Dive Brief:
- The growing number of consumers using digital alternatives like YouTube, Snapchat and Instagram to follow the Olympics is making it difficult for TV networks to recoup their spending on broadcast licensing fees, Fortune reports.
- While the International Olympic Committee estimates that the Rio 2016 Games' worldwide audience was about the same as London 2012, Comcast's NBC Universal said that its viewership was down 8.6%.
- “Instagram, Snapchat, YouTube, Facebook are all sucking the bejesus out of the market,” Steve Allen, a former advertising buyer for Japanese agency Dentsu, told Fortune. “They’re taking increasing shares (of the advertising revenue) and that share has to come from someone.”
Dive Insight:
While the linear TV Olympics audience for the Rio Games is expected to be similar to the 2012 London Games, those numbers are a drop from the 2008 Beijing Games. But just because overall viewership from this year is similar to four years ago doesn't mean that things haven't changed: Digital streaming and second screening activities have eaten into TV's Olympics dominance, with a growing number of consumers following the games on digital platforms.
While Comcast's NBCUniversal reports TV viewership of the games is significantly down, this year's Olympics boasted record numbers for digital live streaming. TV broadcasters in Europe were less concerned about the drop in viewership — at least partly because of the time zone difference between London and Rio.

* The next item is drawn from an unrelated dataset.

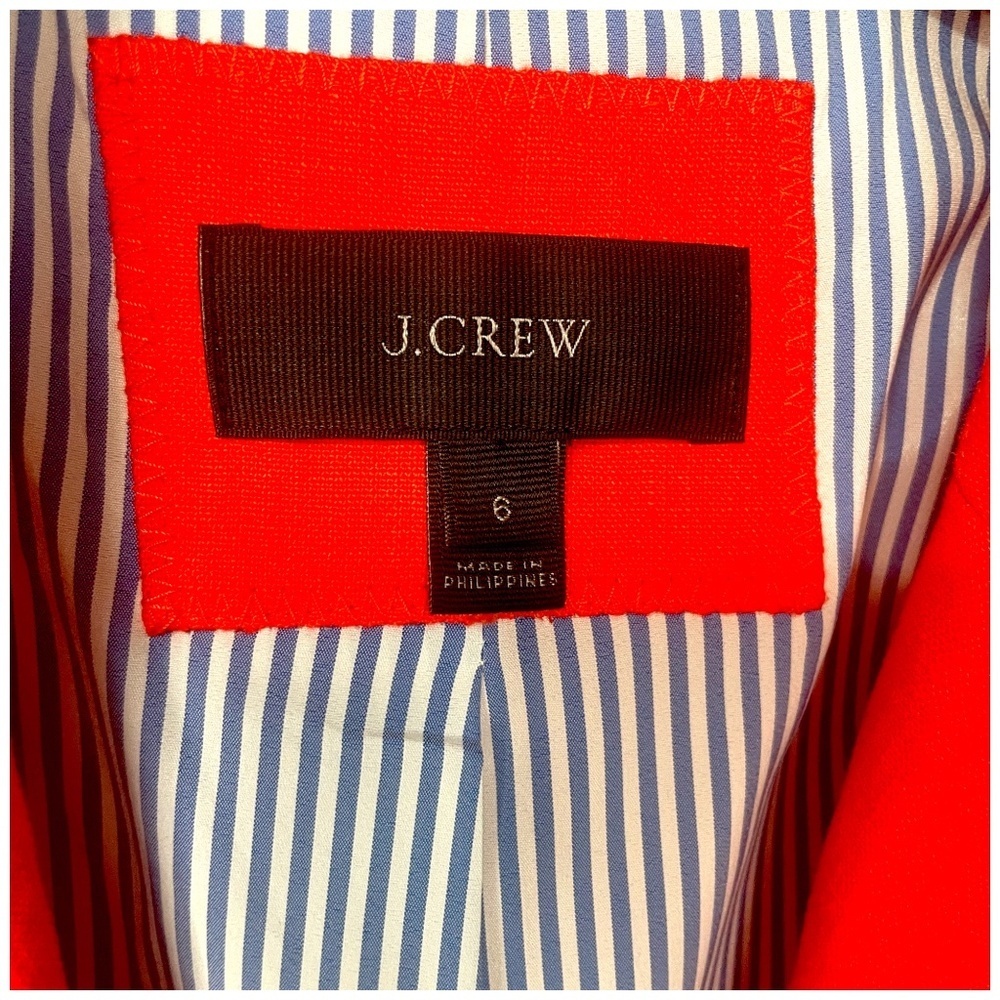 J Crew Womens Rhodes Linen Blazer with Gold Buttons, Bright Coral, Size 6 - Picture 8 of 10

Social media platforms across the board added features to help users find and enjoy Olympic content, such as special filters offered by Facebook and Snapchat and custom emojis from Twitter. But marketers not on the official sponsor list were prohibited from using social media to take directly advantage of the games through the IOC’s Rule 40. The rule caused confusion among marketers about what they are and aren't allowed to say on social media during the Olympics.